Amal Mohamad Hassan, a school teacher from Shubra. “In the 90′s, after the events in Luxor, State Security broke down our door and disappeared my husband for a week. They didn’t have any reason or warrant, just that he was a religious man. This same system is now returning.”

Taher Gamal El-Din, a software developer from Atfiha. “Under Mubarak there were only 5 families that controlled all the wealth and power in the country and this corruption existed at all levels.” “I had a friend that graduated from law school with very high grades, when he tried to get a job in the court system he was refused because he didn’t have the right connections. Now he is a teacher.” “My grandfather was a member of the Muslim Brotherhood, but that was 40 years ago.”

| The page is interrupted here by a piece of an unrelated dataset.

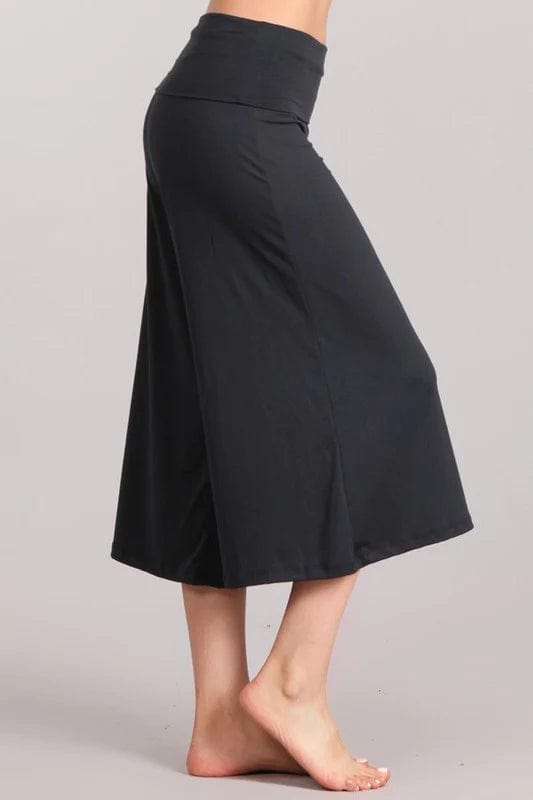 Dark Grey Wide Leg Women's Soft Gaucho Capri Pants - Summer Vacation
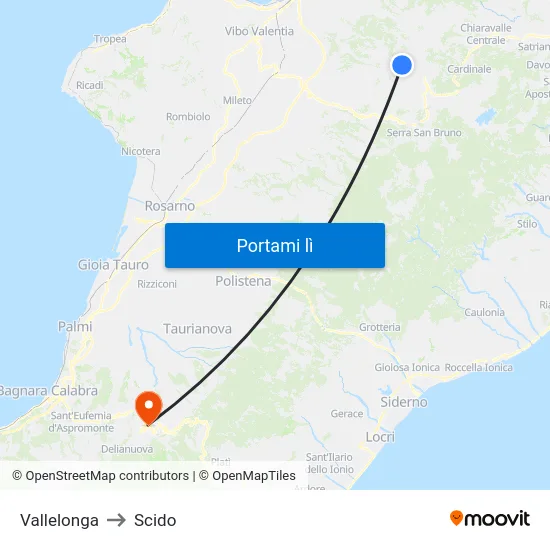 Vallelonga to Scido map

Walid Ahmed, from Assiut. “I came to this protest because this is the first time we have chosen a president and I feel he should finish his term.” “I love Morsy because he is finally leading the country in a manner we want, and he respects us.” “Morsy has ended the war on Islam and there is more freedom.”

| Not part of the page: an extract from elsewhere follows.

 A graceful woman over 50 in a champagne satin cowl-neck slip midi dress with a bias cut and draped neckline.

Manal Mahmoud of Zeitouna, is a grade school teacher in a girls school. “I have family in the army that think opposite from me and we have been split. We can’t talk about politics when we meet, but the army is made of our brothers, sons, and uncles.” “The Brotherhood combine religion and politics in a way that helps spread the idea of love that is Islam. They speak the truth.” “The Mubarak regime was a failure. There wasn’t any freedom of opinion and if I said Mubarak was bad I would be taken to jail. I have friends that were woken from their sleep and taken to jail. But under Morsy is the opposite.”

Ali Mohamed Saad, from Fayoum. “Under Morsy I daily feel the freedom of living under a civilian government, ruled by law, especially during elections.”

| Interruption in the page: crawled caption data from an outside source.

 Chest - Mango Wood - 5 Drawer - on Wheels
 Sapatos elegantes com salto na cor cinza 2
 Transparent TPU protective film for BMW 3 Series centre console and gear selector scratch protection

Tamer Sakury, a 36 year old Civil Engineer, a Nubian from Luxor in Upper Egypt. “Morsy is the first president to respect the Nubians and treat us like full citizens.” “Morsy has increased pensions and social benefits to the Nubian community.” “He had the idea to give free health insurance to all.” “He has helped farmers get their chemicals and seeds.”

Ramadan Shehaf, 41, from Atfiha, a town south of Cairo. “State Security broke down my door and tortured me with electricity, attaching leads to my fingers, armpits and testicles. They told me to scream louder so that my neighbors would hear.” “The liberals said we would use a democratic system. We won the presidency, and 4 other votes because we have the majority. If you don’t want us in the government you don’t want democracy.” “I will sit here until I die. I came here to support his legitimacy, The secularists have played with the people using the media to lie to them.”

Alaa Mohamed, from Minya, a city in southern Egypt. “I came because I want to defend my freedom and my right to vote.” “I love Morsy because he is from the people, natural and simple. I think he is better than Nasser, because Nasser only tried to unite Arab nations, Morsy’s project is to unite all of the Muslim world.” “In Mubarak’s days if I went to the mosque too often someone from the Interior Ministry would start questioning me and possibly arrest me. But with Morsy we are free to pray as we want.”

Awataf Mohamed Ibrahim, from Shubra. “Under Mubarak people that lived outside of Cairo, especially those in the Sinai and Upper Egypt were forgotten, as if they weren’t even Egyptian. Morsy gave them their rights and the supplies they need to work and farm. He provides them with investment and services.” “If we leave our children to these secularists they will grow up without morals.” “I didn’t have any relationship with the Muslim Brotherhood, but after the revolution I wanted to know more.” “They are from us, and listen to us.”

Shaban Hamada, 31, from Atfiha used to sell chickens. “State security took my brother and tortured him for 13 days, breaking his hands and arms, to the point I had to help him do everything including wiping his ass.” “If the military doesn’t return Morsy to his rightful place we will set this country on fire, and if they come here they won’t have to kill just one, they will have to kill us all.” “I studied religion at Al-Azhar University. But the system is so corrupt and anti-religious that they continue to prevent me from taking my final exam so I can graduate.”